Some interesting statistics on how people hold their phones “on the street”, from a field study by Steven Huber (n=~1300):

  • One handed, using the thumb on that hand: ~49%
  • Cradled in one hand, using pointer finger on the other: ~36%
  • Two handed with both thumbs: ~15%

So, thumb use accounts for about 64% of usage in this sample. This informs the heuristics below.

For apps:

  • Primary controls on the bottom
  • Right vs. left side less important than top or bottom
  • Data changing buttons at the top (“out of harm’s way”)
  • Content at top, controls on the bottom (similar to other devices, like a calculator)
  • Stacking controls is a bad idea (causes mis-taps)

These guidelines reflect an iOS-bias. For Android devices, usually controls go on top because the physical device buttons are at the bottom. 

For websites, browser chrome gets in the way, so having a sticky navigation at top or bottom eats up content area. Therefore, a good way to avoid this is to put a Menu link in the header that links to navigation in the footer, but the navigation is at the bottom of the page, not the screen.

Tablets are almost more desktop-like.
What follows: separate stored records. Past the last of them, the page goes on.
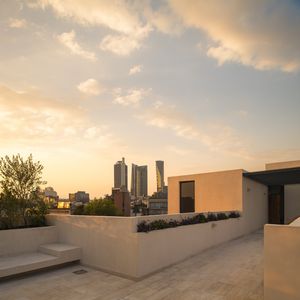 Image post by @bloqe.real.estate on Instagram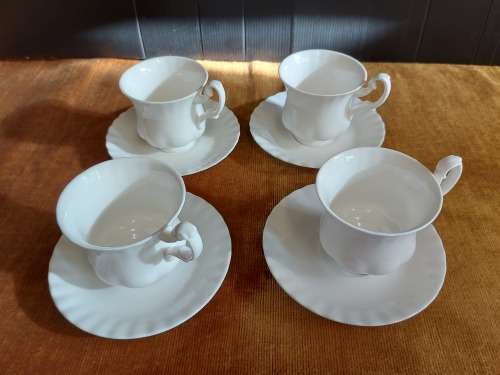 SET OF 4 ROYAL ALBERT REVERIE BONE CHINA DEMITASSE CUPS AND SAUCERS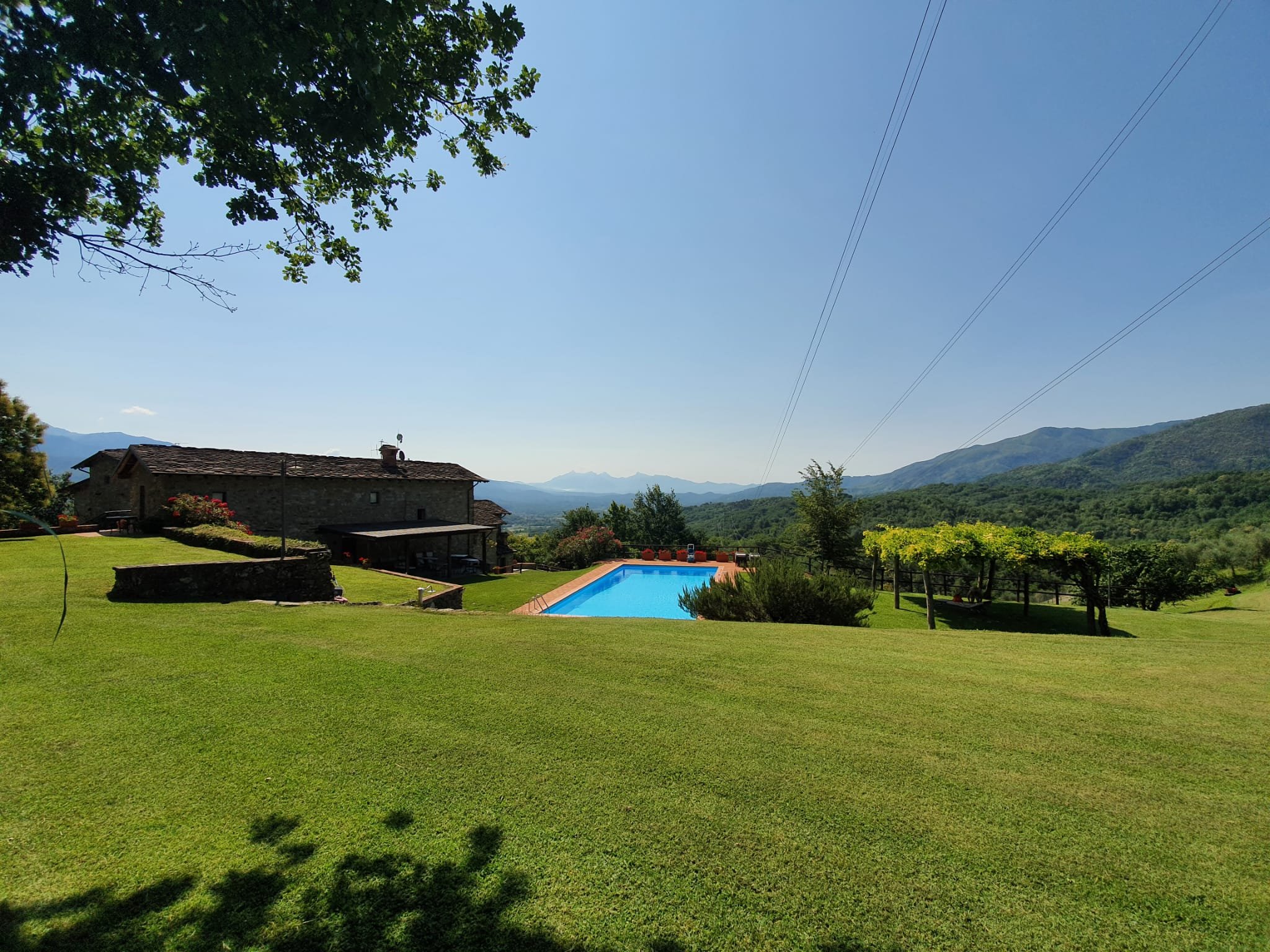 Azienda Agrituristica Costa d'Orsola-泳池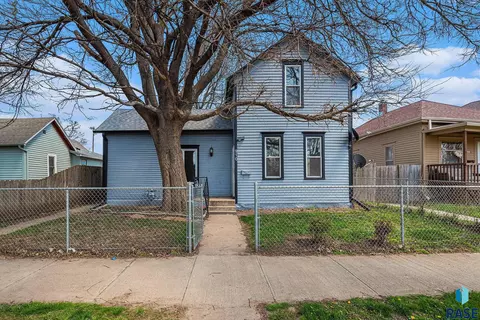910 N Spring Ave, Sioux Falls, SD 57104 photo 25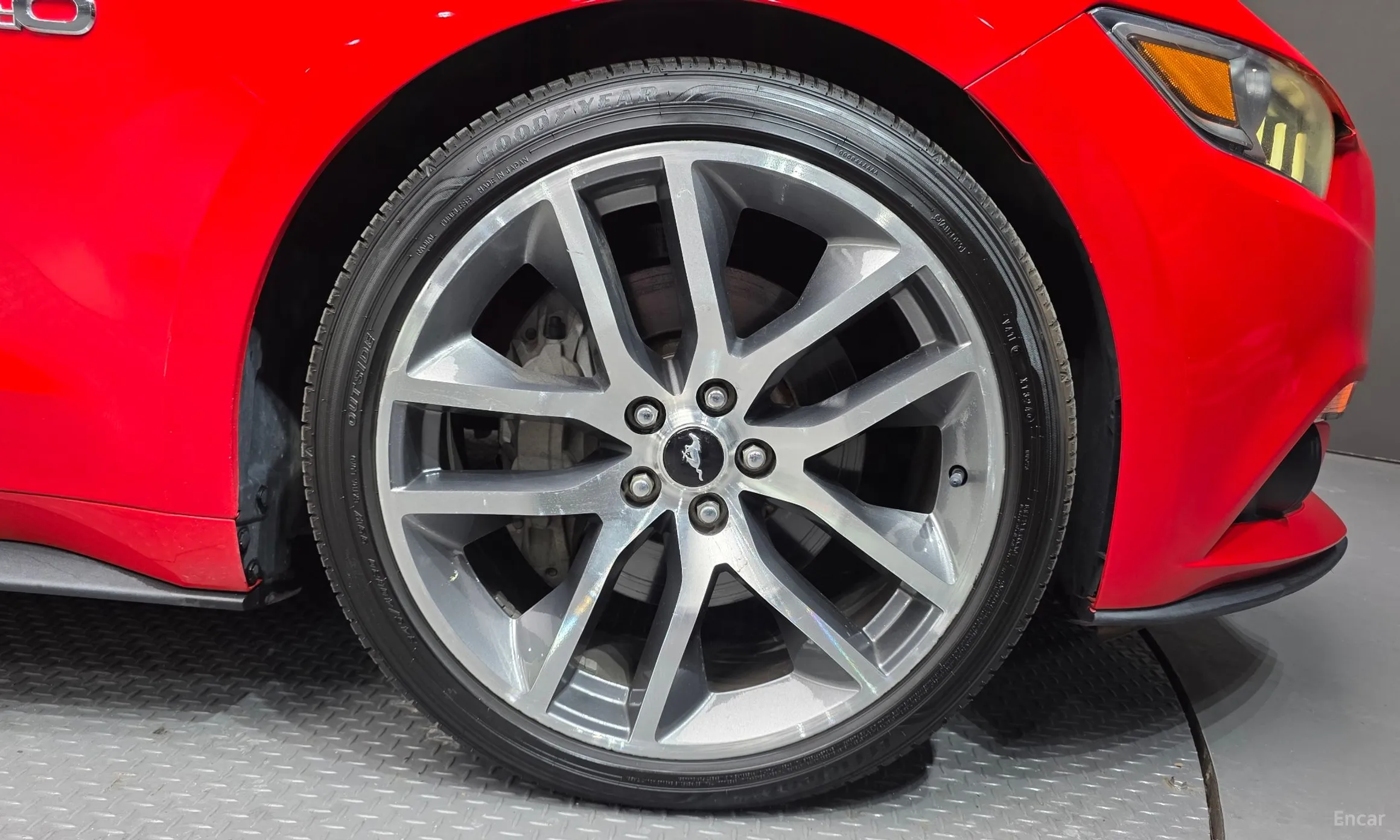Ford Mustang превью 5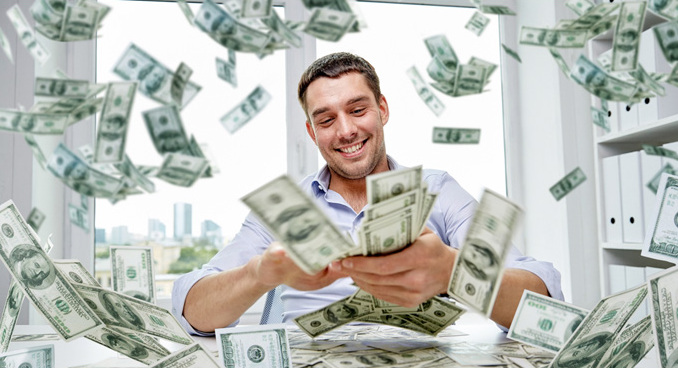 много денег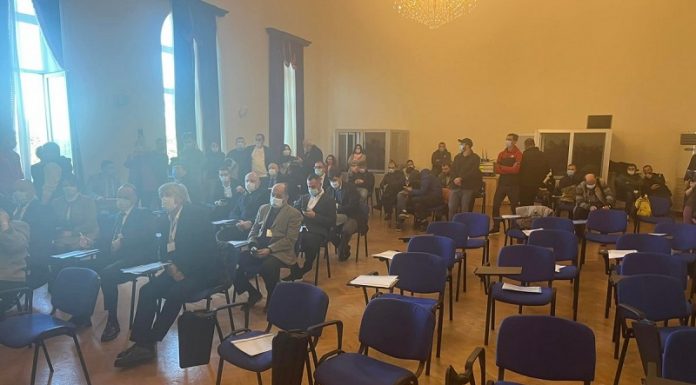 ბათუმის საკრებულოს სხდომა ოპოზიციის წევრებმა პროტესტის ნიშნად დატოვეს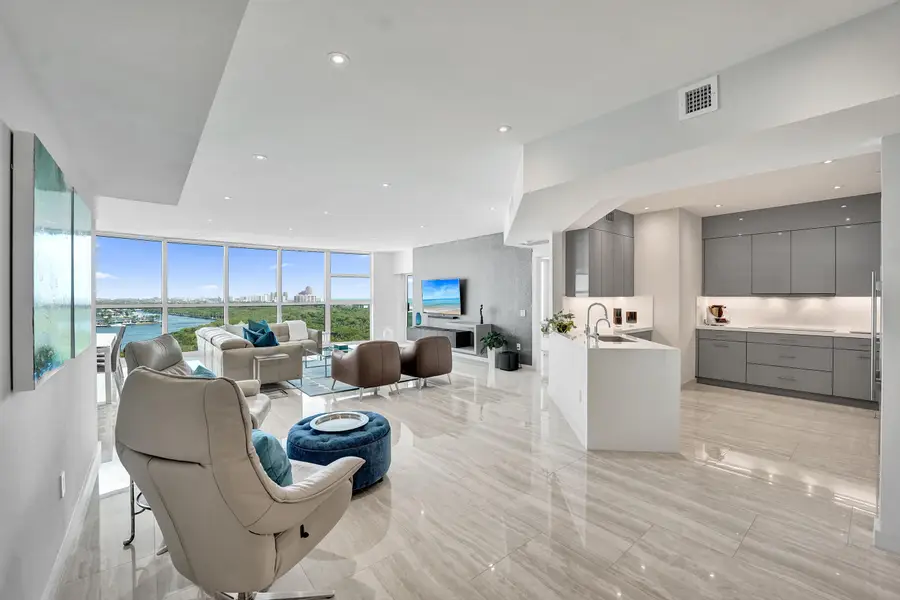 2845 NE 9th Street #Ph5, Fort Lauderdale, FL 33304 - #3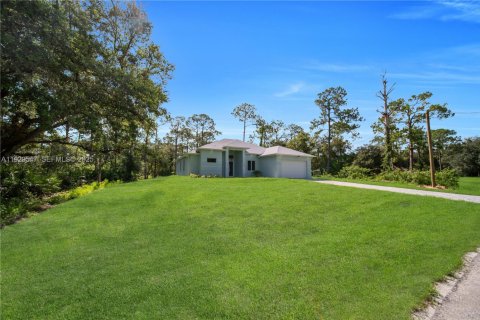 House in Lehigh Acres, Florida 4 bedrooms, 161.19 sq.m. № 1987690 - photo 23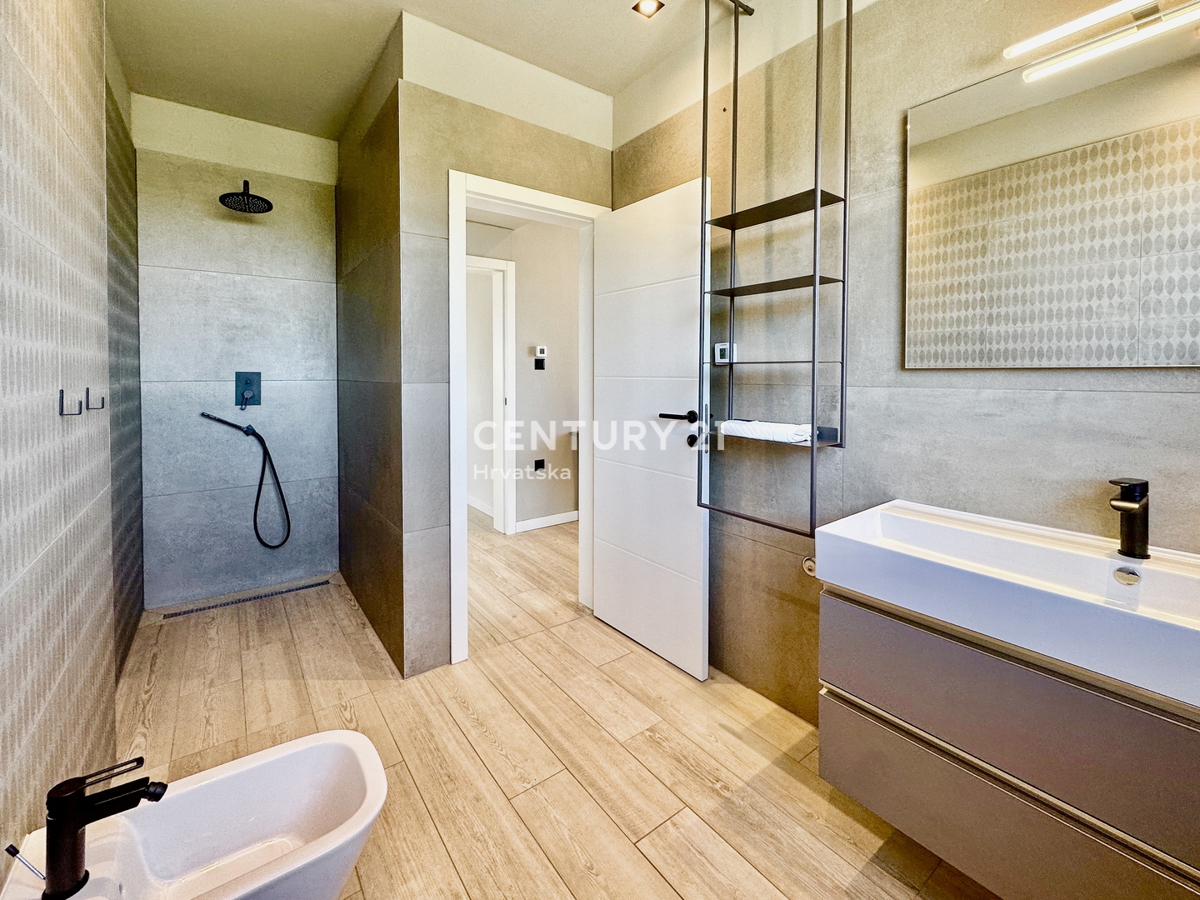 POREČ, OKOLICA, EKSKLUZIVNA DIZAJNERSKA VILA S POGLEDOM NA MORJE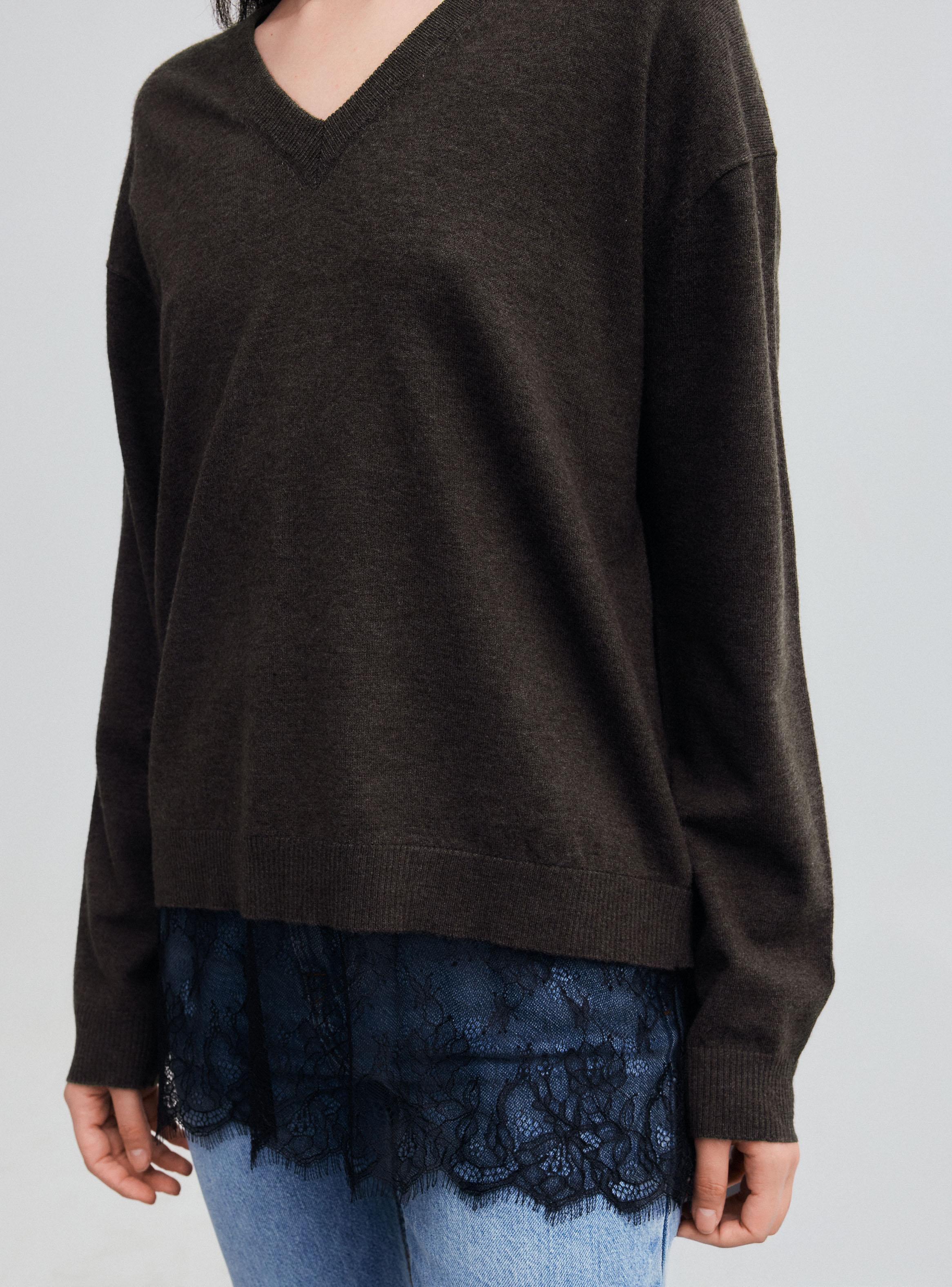 Sweater Cuello V con Encaje Abajo-3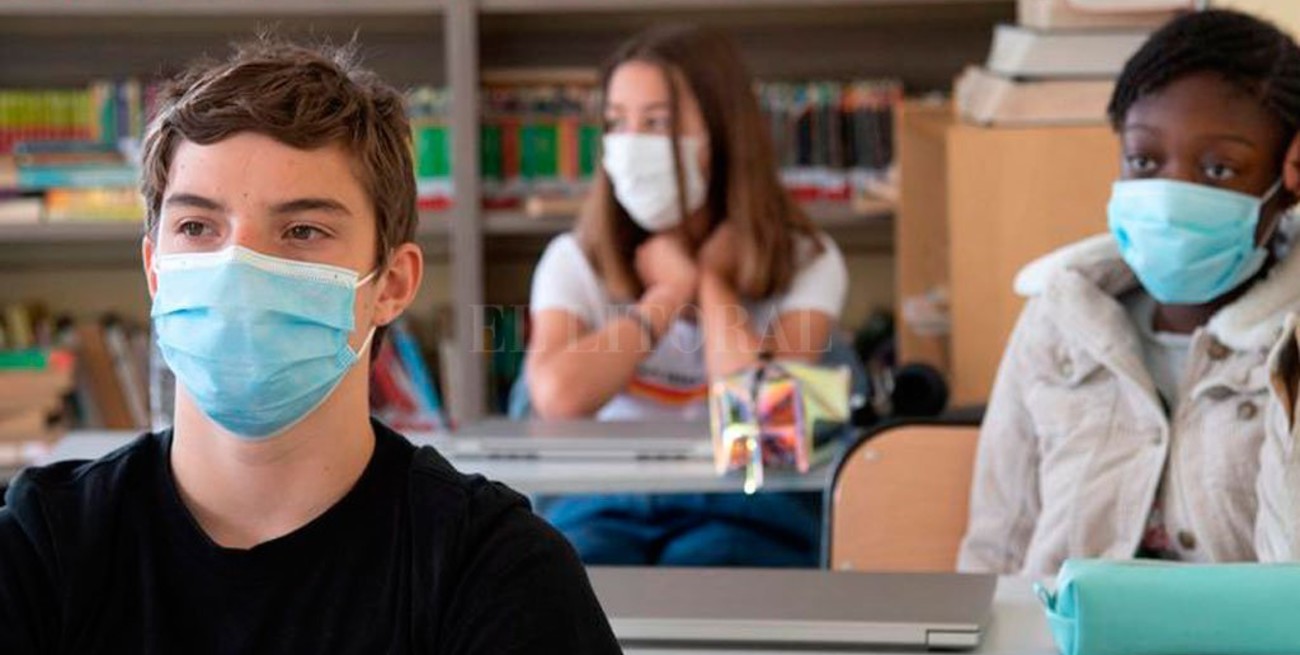 Francia debió cerrar más de 80 escuelas por casos de Covid-19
Controls at the top are better than the bottom. Bottom nav makes more sense if the whole canvas will change (“coverflow style”). Favor the sides and corners of the screen for controls, since sometimes we hold larger devices in both hands due to their weight. 

Dimensions for controls:

*~7mm is the contact point for thumb on a flat screen *44px maps to ~7mm and works well across devices *2.75em on a default font size of 16px is 44px *7mm has a 1 in 100 error rate on taps, 9mm is 1 in 200 (based on Microsoft study) *At least one dimension should be 44px; 29px minimum in other dimension *At least 2mm between controls; less than that requires increasing size of controls

Clarity trumps density: you may have click or tap more, but the clarity of what’s on the screen pays off. This is in contrast to previous fears on the web that too many clicks would increase bounce rate. 

General recommendations:

  • Get rid of select menus; replace with other controls
  • Get rid of extra fields (generally a good idea)
  • Get rid of confirmation dialogs (use gestures to confirm less than desirable actions)
  • Require less keyboard use
  • Eliminate detail screens (providing more information upfront makes secondary detail screens less necessary…AccuWeather example)
  • Eliminate carousels (seems everyone wants to do this)
  • Eliminate the long scroll (use off-canvas panels)

Great quotes (paraphrased): 

“People come to your site/app for the content, not the navigation.”
“Navigation is often a last resort if the (navigation in the) content fails us.”